Grant’s questions were polite.

That made them worse.

1. At what time and date did Emily Hart first become aware that Nathan Brooks had been publicly described as her fiancé?

2. At what time and date did Nathan Brooks first become aware of that assumption?

3. Were any sponsor, donor, vendor, committee, or press communications affected by that assumption before it was formally disclosed?

4. Did any Brooks-affiliated entity, including Brooks Coastal Holdings or related representatives, offer financial, legal, strategic, or reputational support connected to the festival after the assumption arose?

5. Was Atlantic Coast Community Bank provided with a complete timeline before issuing its conditional sponsor confirmation?

6. Did the Friday festival-preview photo materially influence sponsor or donor confidence?

Nathan read the sixth question twice.

The Friday photo.

Emily’s fingers tightening once at his jacket.

His mouth on hers for one carefully permitted second.

The applause after.

The sponsor statement after that.

A question mark in a ledger had become an evidence chain.
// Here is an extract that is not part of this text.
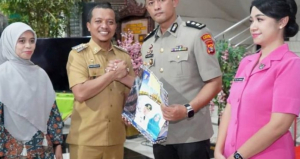 Kapolres Pringsewu Berganti, Bupati Tekankan Sinergi Jaga Kamtibmas dan Pelayanan Publik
Emily came out of the committee room before he could decide whether to take the laptop to her or wait.

She looked tired in a sharp way, as if exhaustion had decided not to slow her down but to polish the edges. Chloe followed with a legal pad tucked under her arm and a green marker behind one ear.

“I saw Grant’s email,” Emily said.

“Arrival records are in your inbox.”

“Thank you.”

Two words. Direct. No smile.

He had no right to expect one.

“I asked Becca to hold until she gets your statement,” Nathan said. “She says she can ask her editor to wait until six.”
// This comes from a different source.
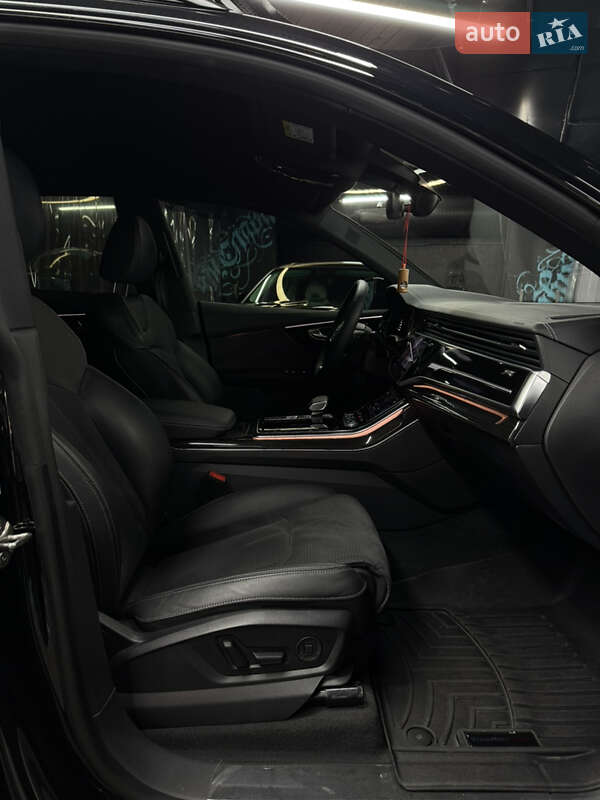 Позашляховик / Кросовер Audi Q8 2024 в Києві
“Ask is doing a lot of work in that sentence.”

“She said she can ask.”

Emily nodded once, already reading the printed page Chloe handed her. “Then we aim for five-thirty.”

“Emily—”

She looked up.

He almost said, Let me help.

He almost said, This is too much for one person.
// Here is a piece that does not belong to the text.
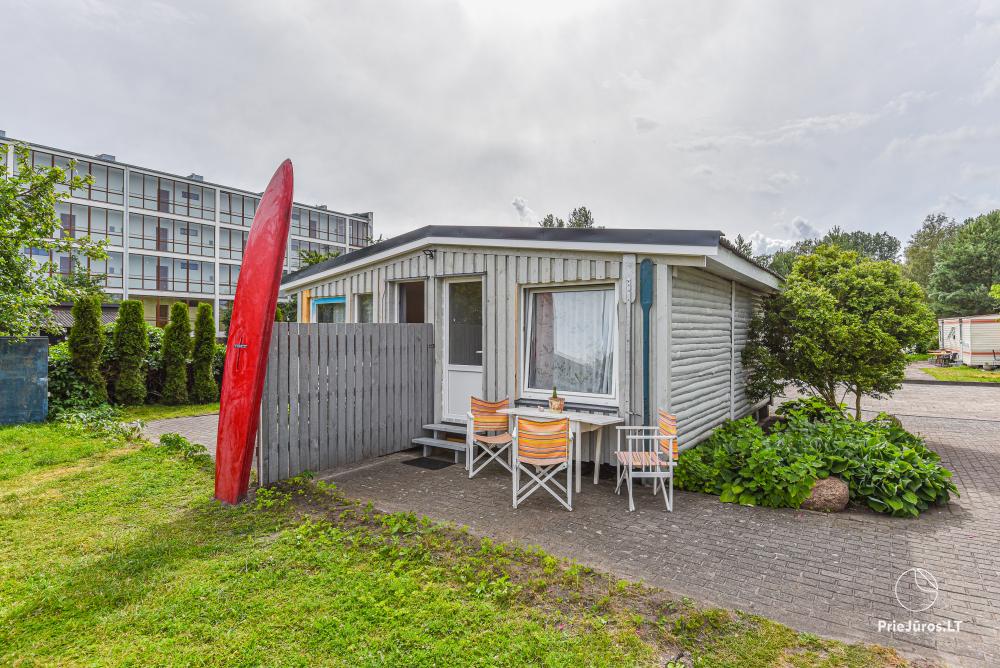 Ferienhütten, Wohnwagen, Platz für Zelte und Wohnmobile in Sventoji - Camping Kapitonas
He almost said, Martin thinks there’s exposure.

All of those sentences had hooks under them.

So he said, “What do you need from me?”

That stopped her for half a second.

“Write a factual paragraph for your Tuesday sequence,” she said. “No commentary. No legal framing. No adjectives. Just times, locations, who was present, and when you first understood what people were assuming.”

“Done.”

“And send me the original parking PDF, not just the renamed copy.”

“Also done.”

“And don't answer Grant separately.”

“I won’t.”

Her gaze flicked to his phone.

He wished it had been in a drawer. At the bottom of the harbor. In Martin’s hand, several states away, where it couldn't sit on a folding table looking like a loaded argument.

“I mean it,” Emily said.

“I know.”

“No Martin.”

“I know.”

Chloe pretended to study her green marker.

Nathan kept his hands visible on the table. “I am not calling Martin.”

Emily held his gaze long enough to make the promise feel like a record.

Then Aunt Mabel appeared with a box of binder clips and said, “If anyone is about to have a meaningful conversation, move. The raffle basket signage has collapsed.”

Emily closed her eyes for one beat. “Of course it has.”

The moment broke.

She took the printed Grant email, turned back toward the committee room, and Chloe followed. Nathan watched her go, then opened a blank document and typed the driest paragraph he had ever written about one of the strangest days of his life.

At 4:07, Marissa Vale emailed.

Nathan saw the notification appear in the shared festival thread. Emily was copied. So was Grant.

**Subject: Sponsor conditions / media narrative alignment**

He opened it because the first line preview was enough to do damage.

> Emily, given the Gazette inquiry forwarded this morning, Atlantic Coast Community Bank needs assurance before Sunday publication that public-facing festival messaging doesn't characterize the bank’s sponsor confidence as dependent on the personal relationship between you and Mr. Brooks.

Nathan read the rest without moving.

Marissa was careful. Professional. Not pulling support. Not threatening.

Worse: she was documenting the concern.